Every May 15th Peace Officers Memorial Day pays tribute to local, state, and federal law enforcement officers who have made the ultimate sacrifice or been injured in the line of duty. The observance takes place during Police Week.
According to the National Law Enforcement Officers Memorial Fund, more than 800,000 law enforcement officers serve in the United States today. Each year, the National Law Enforcement Officers Memorial adds new names to the wall, on average 163 deaths per year. Fallen law enforcement officers represent all levels of law enforcement, including local, state, federal, tribal, and military law enforcement. They’re family members, husbands, wives, parents, sons, and daughters.
The day honors fallen LEO across the nation and offers support to their surviving family members and officers.
HOW TO OBSERVE #PeaceOfficersMemorialDay
Many organizations, government agencies, and private citizens fly flags at half-staff in memory of those officers who have made the ultimate sacrifice. Services honoring the fallen are conducted across the country, including Washington, D.C. Attend a memorial near you. Support families of fallen and injured law enforcement officers.

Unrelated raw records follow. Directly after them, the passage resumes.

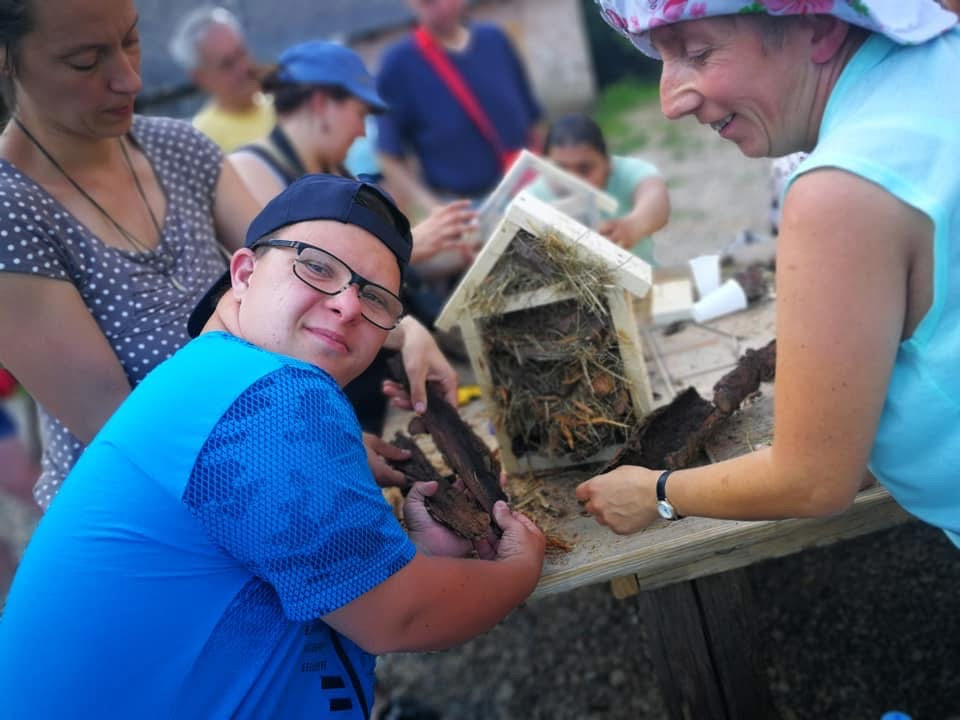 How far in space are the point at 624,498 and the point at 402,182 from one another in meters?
3.96

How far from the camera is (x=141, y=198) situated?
2.52m

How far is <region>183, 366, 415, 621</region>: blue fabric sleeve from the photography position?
Answer: 1473 mm

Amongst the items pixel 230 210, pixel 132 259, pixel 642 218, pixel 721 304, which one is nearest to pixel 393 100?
pixel 642 218

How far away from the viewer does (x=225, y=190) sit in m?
2.84

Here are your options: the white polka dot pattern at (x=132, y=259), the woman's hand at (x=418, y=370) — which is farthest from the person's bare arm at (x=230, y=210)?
the woman's hand at (x=418, y=370)

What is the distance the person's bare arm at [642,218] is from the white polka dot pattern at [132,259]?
5.23 feet

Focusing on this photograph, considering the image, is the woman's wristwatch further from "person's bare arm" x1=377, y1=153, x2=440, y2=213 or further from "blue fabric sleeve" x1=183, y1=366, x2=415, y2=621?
"person's bare arm" x1=377, y1=153, x2=440, y2=213

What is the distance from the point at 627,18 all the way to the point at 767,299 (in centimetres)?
193

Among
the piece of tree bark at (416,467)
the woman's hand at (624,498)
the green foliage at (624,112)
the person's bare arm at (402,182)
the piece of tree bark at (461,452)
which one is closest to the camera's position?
the woman's hand at (624,498)

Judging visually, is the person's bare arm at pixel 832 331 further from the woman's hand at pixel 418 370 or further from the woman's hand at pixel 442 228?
the woman's hand at pixel 442 228

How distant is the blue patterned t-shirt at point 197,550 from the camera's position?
4.87 feet

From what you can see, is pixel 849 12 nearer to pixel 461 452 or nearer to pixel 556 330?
pixel 556 330

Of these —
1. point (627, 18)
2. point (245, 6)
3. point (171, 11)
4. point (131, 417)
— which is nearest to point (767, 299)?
point (627, 18)

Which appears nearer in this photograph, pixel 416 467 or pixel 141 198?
pixel 416 467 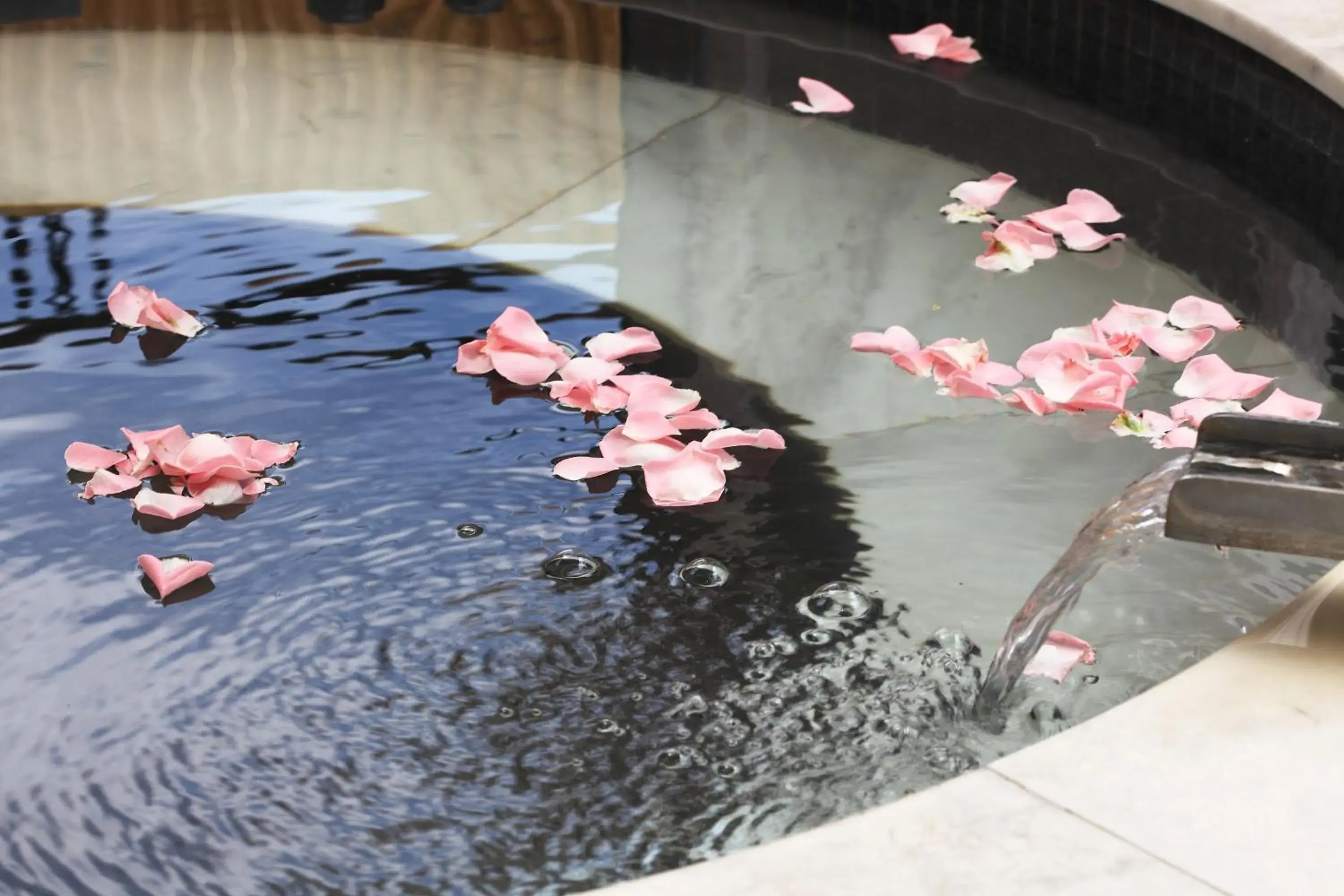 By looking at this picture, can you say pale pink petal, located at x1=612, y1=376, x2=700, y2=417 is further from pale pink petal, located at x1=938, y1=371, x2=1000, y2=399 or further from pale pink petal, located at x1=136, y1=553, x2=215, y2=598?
pale pink petal, located at x1=136, y1=553, x2=215, y2=598

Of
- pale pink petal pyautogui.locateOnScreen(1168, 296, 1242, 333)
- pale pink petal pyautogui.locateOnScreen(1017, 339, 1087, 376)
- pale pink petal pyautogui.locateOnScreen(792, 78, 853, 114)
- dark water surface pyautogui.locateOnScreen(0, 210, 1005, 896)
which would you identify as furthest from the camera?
pale pink petal pyautogui.locateOnScreen(792, 78, 853, 114)

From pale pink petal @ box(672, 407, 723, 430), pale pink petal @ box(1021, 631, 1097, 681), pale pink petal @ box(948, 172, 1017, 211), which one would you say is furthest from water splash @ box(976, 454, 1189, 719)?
pale pink petal @ box(948, 172, 1017, 211)

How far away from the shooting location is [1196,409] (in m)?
1.90

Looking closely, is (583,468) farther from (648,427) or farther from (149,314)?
(149,314)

The National Law Enforcement Officers Memorial wall in Washington, D.C., features the names of more than 22,000 law enforcement officers who have been killed in the line of duty. Use #PeaceOfficersMemorialDay to post on social media.
PEACE OFFICERS MEMORIAL DAY HISTORY
On October 1, 1961, Congress asked President John F. Kennedy to designate May 15th as a day to honor peace officers. President Kennedy declared Peace Officers Memorial Day on October 1, 1962. In 1994, Bill Clinton made an amendment through Public Law 103-322 that directed the United States flag to be flown at half-staff on May 15th in honor of the day.
An annual Memorial Service gathering began in 1992 in Senate Park and later became known as Police Week.